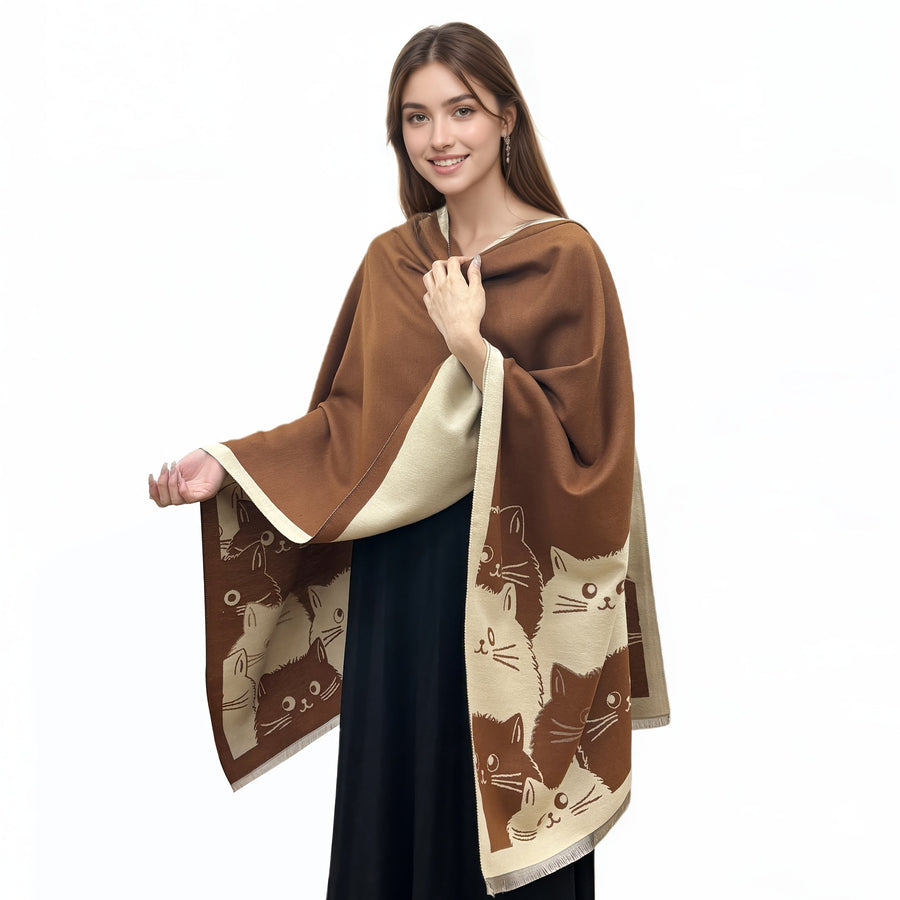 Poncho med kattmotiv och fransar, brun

* * *

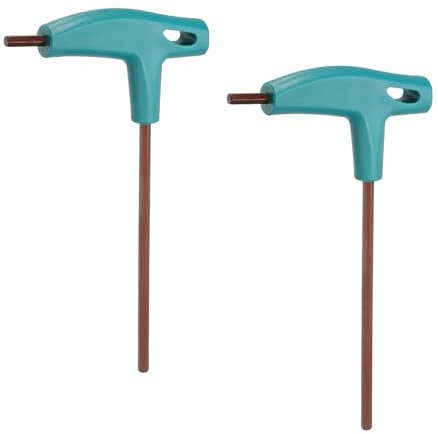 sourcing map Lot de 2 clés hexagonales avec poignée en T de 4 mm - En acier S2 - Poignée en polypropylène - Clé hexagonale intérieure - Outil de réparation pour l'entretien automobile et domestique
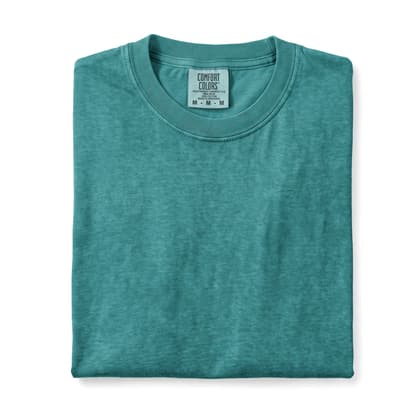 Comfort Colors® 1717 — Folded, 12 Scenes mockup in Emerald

- [What is expected] Here the job is to copy the listing above word for word, starting at the line with "sourcing map Lot" and ending at the line with "Comfort Colors® 1717", and to leave out the pictures.

- [Output of the task]
 sourcing map Lot de 2 clés hexagonales avec poignée en T de 4 mm - En acier S2 - Poignée en polypropylène - Clé hexagonale intérieure - Outil de réparation pour l'entretien automobile et domestique
 Comfort Colors® 1717 — Folded, 12 Scenes mockup in Emerald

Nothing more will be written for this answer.